Lui-même issu du PPE, Herman Van Rompuy, le président du Conseil européen, ne rate pas une occasion de critiquer l'approche parlementaire défendue par Martin Schulz et nombre d'eurodéputés. Pour lui, c'est au contraire au Conseil européen de piloter la succession de José Manuel Barroso. Candidat à rien, l'ancien Premier ministre belge craint par-dessus tout un clash entre les institutions si une personnalité, –par exemple, M. Schulz,– parvenait à réunir une majorité au sein du prochain Parlement européen, mais pas au sein du Conseil européen. Ou vice versa.

Commission marginalisée

La “parlementarisation” de la vie politique européenne est loin de faire consensus. Faut-il politiser davantage, comme le souhaite Martin Schulz, une institution comme la Commission, censée travailler dans l'intérêt général au-dessus des partis ? Pas si évident. L'”exécutif” européen est certes dans une situation paradoxale : il a été marginalisé dans la gestion chaotique de la crise de la zone euro par les gouvernements et la Banque centrale européenne, tout en gagnant au passage de nouveaux pouvoirs pour mieux contrôler les Etats membres. L'élection de son président à l'issue d'une campagne électorale pan-européenne pourrait, selon les partisans de cette idée, redorer la légitimité d'une institution ballottée comme jamais.

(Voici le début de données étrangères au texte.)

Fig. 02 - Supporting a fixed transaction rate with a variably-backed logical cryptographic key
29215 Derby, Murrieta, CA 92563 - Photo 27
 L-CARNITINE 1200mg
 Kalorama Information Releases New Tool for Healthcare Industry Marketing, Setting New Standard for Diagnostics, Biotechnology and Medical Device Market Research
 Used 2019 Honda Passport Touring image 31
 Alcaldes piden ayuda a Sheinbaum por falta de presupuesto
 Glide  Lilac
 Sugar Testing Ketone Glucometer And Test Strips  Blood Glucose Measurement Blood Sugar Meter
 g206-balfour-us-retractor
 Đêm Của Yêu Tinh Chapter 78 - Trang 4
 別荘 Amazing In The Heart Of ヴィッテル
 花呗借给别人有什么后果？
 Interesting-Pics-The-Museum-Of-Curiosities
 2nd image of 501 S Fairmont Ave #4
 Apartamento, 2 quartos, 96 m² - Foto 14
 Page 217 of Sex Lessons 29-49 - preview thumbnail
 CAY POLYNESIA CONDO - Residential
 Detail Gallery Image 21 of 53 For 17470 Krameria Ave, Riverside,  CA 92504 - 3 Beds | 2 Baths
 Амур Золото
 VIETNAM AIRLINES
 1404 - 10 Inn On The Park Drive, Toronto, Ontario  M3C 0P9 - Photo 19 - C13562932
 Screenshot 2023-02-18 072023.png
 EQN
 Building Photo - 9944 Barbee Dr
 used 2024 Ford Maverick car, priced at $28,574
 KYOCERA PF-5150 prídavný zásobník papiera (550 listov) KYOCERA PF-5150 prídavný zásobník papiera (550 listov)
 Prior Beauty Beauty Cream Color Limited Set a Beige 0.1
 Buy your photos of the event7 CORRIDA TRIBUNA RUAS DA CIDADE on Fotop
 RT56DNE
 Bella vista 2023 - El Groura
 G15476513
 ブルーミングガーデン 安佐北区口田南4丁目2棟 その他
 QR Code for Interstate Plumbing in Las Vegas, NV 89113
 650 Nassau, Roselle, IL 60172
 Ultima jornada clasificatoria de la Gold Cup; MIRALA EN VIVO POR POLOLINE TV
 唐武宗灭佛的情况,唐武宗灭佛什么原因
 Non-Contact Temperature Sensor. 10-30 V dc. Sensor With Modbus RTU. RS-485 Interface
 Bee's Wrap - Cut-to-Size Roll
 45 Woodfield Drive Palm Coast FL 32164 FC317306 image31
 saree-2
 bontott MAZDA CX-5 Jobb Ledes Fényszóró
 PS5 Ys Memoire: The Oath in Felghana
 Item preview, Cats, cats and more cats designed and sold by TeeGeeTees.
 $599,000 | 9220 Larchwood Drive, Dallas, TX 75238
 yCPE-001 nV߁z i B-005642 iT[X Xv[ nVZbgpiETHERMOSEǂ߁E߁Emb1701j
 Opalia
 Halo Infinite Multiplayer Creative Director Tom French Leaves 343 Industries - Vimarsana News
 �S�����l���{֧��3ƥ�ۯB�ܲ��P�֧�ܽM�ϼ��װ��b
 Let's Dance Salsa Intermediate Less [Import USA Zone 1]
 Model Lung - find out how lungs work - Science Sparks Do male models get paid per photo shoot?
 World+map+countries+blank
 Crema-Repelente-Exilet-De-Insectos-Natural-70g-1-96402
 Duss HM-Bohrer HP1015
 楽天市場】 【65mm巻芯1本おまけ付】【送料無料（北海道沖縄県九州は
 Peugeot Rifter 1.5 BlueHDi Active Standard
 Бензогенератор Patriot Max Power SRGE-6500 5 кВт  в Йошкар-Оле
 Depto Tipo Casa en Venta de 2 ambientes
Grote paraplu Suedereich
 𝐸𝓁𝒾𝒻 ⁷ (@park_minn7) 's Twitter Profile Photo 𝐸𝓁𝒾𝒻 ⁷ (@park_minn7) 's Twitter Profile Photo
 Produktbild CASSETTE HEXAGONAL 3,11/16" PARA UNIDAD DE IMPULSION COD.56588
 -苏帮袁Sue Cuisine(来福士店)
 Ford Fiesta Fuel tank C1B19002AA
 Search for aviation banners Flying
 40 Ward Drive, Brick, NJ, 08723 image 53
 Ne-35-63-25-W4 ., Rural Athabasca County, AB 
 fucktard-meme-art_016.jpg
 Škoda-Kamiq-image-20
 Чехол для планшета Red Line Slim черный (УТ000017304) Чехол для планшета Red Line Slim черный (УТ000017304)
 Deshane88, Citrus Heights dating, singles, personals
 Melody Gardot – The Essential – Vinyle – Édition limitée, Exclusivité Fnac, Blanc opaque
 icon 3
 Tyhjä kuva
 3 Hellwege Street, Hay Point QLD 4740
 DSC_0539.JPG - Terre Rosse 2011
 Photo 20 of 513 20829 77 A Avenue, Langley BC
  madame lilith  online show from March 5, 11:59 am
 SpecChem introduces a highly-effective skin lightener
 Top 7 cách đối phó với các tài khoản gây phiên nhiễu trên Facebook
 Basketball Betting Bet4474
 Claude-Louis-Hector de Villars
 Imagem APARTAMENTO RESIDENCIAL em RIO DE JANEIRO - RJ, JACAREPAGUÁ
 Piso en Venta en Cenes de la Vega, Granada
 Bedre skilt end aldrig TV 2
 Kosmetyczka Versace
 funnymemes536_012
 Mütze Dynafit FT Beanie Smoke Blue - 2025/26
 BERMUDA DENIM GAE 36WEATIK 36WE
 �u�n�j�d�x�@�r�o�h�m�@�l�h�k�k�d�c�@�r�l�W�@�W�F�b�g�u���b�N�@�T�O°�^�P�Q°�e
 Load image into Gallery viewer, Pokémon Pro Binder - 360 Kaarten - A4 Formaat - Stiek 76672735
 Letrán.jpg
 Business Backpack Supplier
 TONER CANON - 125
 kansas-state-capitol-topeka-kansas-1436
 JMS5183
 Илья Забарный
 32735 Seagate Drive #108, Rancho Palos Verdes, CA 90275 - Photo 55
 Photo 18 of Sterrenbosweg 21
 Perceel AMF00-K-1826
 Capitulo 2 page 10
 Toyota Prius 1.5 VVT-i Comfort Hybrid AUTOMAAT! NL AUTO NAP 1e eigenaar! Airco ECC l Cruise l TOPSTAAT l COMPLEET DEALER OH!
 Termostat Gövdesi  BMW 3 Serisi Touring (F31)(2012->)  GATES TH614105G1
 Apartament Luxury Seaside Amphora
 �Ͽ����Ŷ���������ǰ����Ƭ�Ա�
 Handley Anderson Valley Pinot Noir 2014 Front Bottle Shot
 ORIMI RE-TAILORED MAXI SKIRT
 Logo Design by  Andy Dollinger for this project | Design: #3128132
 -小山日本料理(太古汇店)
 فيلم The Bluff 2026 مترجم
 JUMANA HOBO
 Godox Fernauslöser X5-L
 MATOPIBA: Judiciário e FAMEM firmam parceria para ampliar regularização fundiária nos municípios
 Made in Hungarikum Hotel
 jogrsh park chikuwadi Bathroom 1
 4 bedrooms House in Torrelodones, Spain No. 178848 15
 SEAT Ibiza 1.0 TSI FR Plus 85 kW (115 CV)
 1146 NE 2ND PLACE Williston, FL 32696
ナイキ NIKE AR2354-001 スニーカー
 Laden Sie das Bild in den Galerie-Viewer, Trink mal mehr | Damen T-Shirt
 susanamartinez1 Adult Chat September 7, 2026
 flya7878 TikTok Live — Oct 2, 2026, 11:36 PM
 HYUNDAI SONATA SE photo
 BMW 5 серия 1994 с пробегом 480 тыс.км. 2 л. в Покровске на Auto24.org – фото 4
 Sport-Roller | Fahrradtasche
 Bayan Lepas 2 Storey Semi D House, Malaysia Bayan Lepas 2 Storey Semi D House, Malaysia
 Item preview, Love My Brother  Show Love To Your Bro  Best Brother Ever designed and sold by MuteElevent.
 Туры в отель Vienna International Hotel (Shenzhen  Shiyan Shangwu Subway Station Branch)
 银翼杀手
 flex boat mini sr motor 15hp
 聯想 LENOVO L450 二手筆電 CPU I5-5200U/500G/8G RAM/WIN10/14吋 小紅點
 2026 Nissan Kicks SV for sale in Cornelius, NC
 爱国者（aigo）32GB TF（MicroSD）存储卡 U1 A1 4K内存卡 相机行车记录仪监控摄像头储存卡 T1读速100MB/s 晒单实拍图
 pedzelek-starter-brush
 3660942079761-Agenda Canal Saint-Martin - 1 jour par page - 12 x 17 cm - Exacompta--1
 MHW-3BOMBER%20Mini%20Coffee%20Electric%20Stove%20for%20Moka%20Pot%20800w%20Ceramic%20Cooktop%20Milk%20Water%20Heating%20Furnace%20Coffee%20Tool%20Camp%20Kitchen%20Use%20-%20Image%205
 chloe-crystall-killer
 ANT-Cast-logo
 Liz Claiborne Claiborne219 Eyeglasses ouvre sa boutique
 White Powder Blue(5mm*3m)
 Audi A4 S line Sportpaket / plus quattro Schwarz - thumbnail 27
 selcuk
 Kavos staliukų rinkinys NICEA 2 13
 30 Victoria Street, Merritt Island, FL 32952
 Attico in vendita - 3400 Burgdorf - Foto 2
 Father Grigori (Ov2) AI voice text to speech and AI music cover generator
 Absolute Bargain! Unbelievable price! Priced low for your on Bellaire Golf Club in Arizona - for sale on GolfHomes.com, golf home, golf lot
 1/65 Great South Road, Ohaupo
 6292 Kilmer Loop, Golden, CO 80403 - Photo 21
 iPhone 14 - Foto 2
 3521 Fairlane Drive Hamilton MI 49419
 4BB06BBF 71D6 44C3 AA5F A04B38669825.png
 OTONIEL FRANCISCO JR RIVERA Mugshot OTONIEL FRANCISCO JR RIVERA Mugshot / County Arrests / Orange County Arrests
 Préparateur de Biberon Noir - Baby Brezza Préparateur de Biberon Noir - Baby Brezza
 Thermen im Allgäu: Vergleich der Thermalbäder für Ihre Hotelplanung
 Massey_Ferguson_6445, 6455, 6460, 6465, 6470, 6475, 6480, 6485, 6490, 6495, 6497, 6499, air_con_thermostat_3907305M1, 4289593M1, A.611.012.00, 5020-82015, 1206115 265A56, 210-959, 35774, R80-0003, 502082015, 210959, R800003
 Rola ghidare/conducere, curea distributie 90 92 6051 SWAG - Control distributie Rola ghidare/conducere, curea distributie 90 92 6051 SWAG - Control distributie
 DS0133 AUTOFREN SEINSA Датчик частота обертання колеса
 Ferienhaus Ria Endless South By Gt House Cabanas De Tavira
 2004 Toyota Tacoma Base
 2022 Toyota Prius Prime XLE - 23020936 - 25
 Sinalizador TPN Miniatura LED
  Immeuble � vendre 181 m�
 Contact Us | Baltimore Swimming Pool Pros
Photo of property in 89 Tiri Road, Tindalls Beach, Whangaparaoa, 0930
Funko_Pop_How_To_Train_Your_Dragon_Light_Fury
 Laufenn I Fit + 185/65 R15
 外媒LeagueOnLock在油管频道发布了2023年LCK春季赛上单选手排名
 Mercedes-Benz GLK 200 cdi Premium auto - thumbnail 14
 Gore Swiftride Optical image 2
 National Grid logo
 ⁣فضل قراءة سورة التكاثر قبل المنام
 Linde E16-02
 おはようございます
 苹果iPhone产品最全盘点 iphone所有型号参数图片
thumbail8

Cependant, le collège des commissaires est déjà une équipe multipartisane constituée en fonction des rapports de forces du moment en Europe, et des majorités dans chacun des Etats membres. Mais il est censé opérer dans la plus stricte neutralité. Or son indépendance et son impartialité ne manqueront pas d'être remises en question en cas de trop forte politisation.

Pas possible, en effet, d'imaginer un gouvernement de gauche en France accepter sans ciller les recommandations d'une Commission de droite. C'est déjà le cas, et cela risque de l'être davantage encore si le rêve de Martin Schulz, ou de Michel Barnier, devenait réalité.

Vu de Pologne

“Pas de regrets”

La chancelière allemande Angela Merkel a porté un coup à la transparence démocratique en rejetant, le 25 septembre dernier, la proposition du Parti populaire européenne (PPE) selon laquelle le prochain président de la Commission devrait être issu du parti qui a remporté le plus de votes aux élections européennes de 2014, écrit le correspondant à Bruxelles de Gazeta Wyborcza.

Cela veut dire que le “successeur de Barroso sera certainement élu suite à d’obscures et secrètes négociations lors d’un prochain sommet de l’UE en 2014”, ajoute-t-il. Néanmoins, l’échec de cette initiative n’est pas à regretter, poursuit-il en citant Agnieszka Łada, co-auteur d’un rapport sur la manière dont est perçu le Parlement européen en Pologne

L’idée d’imaginer la constitution d’un démos - ou d'un ‘peuple européen’ - était très belle. Malheureusement, elle reste un voeu pieu. Sachant que les gens en Pologne ne connaissent pas les députés de leur propre Parlement, j’ai du mal à les imaginer en train voter pour choisir le prochain président de la Commission. Ils sauront à peine qui ils sont en train d’élire.